В Ведено произошел еще такой случай. У нашего хозяина Нурида был родственник Умар-Али. Очень приятный внешне и интересный собеседник. Много волнующего рассказывал о своей жизни. Рано остался без родителей и ближайших родственников: убили кровники — люди, которые мстят за своих родных, и продолжается это из поколения в поколение. Ему было десять-одиннадцать, когда его определили в русскую школу-интернат и запретили выходить за территорию, так как его постоянно разыскивали кровники, чтобы расправиться с ним — последним из оставшихся в семье. Поэтому его часто перевозили из интерната в интернат, чтобы запутать преследователей. За что он был очень благодарен русским учителям и воспитателям, которые так тепло и заботливо к нему относились (это были двадцатые годы). Умар-Али рассказал среди многих других историй такой эпизод. Когда он жил в интернате, к нему однажды подбежал его друг и сказал: там, на мосту, тебя ждет дядя и трое его друзей. Дядя очень хочет тебя увидеть, просил к нему выйти. Но, зная, что никаких родственников у него не осталось, он не вышел, и снова пришлось менять интернат. В то время когда Умар-Али познакомился с Арсением и мамой, он занимал ответственный пост в администрации города Грозного. Он прекрасно говорил по-русски, абсолютно без акцента. Опасность преследования не закончилась, даже его домашние не знали, куда он уходит и когда вернется. Все это Умар-Али рассказывал Арсению и маме за ужином у нашего хозяина, время пролетело быстро, было далеко за полночь, когда Умар-Али заспешил домой. Его пошел провожать Нурид. Через несколько минут раздались выстрелы. Арсений и мама в ужасе — убили Умара-Али. Арсений вышел в сад узнать, что произошло. Навстречу ему шел Нурид, оказывается, стрелял он, отпугивая корову, которая повадилась ходить к ним в сад и поедать все, что ей попадалось. Так благополучно закончилась эта история, напугавшая всех.

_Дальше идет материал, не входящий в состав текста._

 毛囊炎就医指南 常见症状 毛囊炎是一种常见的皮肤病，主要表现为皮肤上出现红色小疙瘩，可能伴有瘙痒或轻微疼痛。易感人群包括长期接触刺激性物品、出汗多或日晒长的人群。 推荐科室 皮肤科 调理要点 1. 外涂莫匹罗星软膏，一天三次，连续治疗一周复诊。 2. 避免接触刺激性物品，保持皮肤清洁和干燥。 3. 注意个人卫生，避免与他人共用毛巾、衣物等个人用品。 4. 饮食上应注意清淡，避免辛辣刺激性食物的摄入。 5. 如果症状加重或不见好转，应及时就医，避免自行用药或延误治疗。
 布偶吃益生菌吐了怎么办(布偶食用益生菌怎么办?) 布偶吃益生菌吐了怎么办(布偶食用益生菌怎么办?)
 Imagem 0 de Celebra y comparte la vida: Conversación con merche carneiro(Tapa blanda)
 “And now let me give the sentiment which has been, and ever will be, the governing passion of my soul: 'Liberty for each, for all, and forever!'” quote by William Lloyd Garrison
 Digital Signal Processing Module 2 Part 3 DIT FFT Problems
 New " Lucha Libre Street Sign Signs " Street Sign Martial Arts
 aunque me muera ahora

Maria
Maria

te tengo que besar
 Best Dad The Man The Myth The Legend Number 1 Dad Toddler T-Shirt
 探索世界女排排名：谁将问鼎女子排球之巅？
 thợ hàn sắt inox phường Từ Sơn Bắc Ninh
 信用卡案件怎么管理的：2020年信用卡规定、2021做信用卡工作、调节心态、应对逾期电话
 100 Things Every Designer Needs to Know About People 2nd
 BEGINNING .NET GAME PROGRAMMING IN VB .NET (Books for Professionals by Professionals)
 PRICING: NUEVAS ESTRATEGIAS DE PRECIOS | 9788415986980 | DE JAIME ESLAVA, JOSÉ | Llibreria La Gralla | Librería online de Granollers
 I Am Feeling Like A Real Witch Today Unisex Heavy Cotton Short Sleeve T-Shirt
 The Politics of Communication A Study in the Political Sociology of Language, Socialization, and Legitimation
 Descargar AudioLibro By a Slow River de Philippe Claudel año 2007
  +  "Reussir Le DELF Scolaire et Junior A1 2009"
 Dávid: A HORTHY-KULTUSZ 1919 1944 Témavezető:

Пока мы жили в Ведено, у меня появилась собачка, она забежала к нам в сад неизвестно откуда, никто ее не искал, никто о ней не спрашивал. Она была удивительная, очень маленькая. Сначала мы думали, что это щенок, но она была очень пропорциональная, не по-щенячьи. Оказалось, что японская порода, я называла ее Ще┬нка. Очень к ней привязалась. Была она шустрая, веселенькая, с гладкой шерстью шоколадного цвета, только лапки, как ботиночки, были белые, и кончик хвостика, как кисточка, беленький. Глазки-бусинки. Просто игрушечная. Я с ней не расставалась, ходила с ней на речку, к роднику, играла с ней в саду, спать клала ее к себе на кровать в ноги, а утром, просыпаясь, видела ее на подушке, рядом со щекой. И вдруг эта Щенка пропала. Хозяйка сказала, что ее увез какой-то велосипедист. Щенка сидела у калитки, он наклонился, подхватил ее и увез. Я так была расстроена, не могла ее забыть. Мы с Арсением везде ее искали. Хозяин, видя мои терзания, привез в подарок щенка кавказской овчарки, месяцев пяти-шести. Головастый, с крупными лапами, очень забавный, цвета рыже-песочного, лохматый. Собаки эти очень крупные, умные и сильные. На них чабаны оставляют стада овец, и они надежные защитники даже от волков. Я назвала щенка Барбосом, дальше моя фантазия не шла. Потом выяснилось, что это “женщина”, и Арсений назвал ее Барбукой, что по звучанию было близко, не заставлять же собаку привыкать к новой кличке.
Лето кончилось, пора было возвращаться в Москву, сначала надо было вернуться в Грозный, у Арсения там были дела, связанные с издательством. Неделю мы прожили на частной квартире, т.к. с собакой в гостиницу трудно было устроиться. Пока Арсений был занят, мы с мамой ходили в ресторан обедать, потом ходили гулять в парк с щенком, а ближе к вечеру ходили встречать Арсения. Ходили через речку с радужными кругами — по мосту. Вечерами становилось прохладно, и мама набрасывала на плечи тонкий шерстяной платок, теплый и почти невесомый — оренбургский. Мама его очень любила — хорошо защищал от холода и почти не занимал места при поездках.
Арсений, вспоминая тот период, позже напишет стихотворение “Ветер”, как воспоминание о маме, о периоде жизни в Грозном перед отъездом в Москву.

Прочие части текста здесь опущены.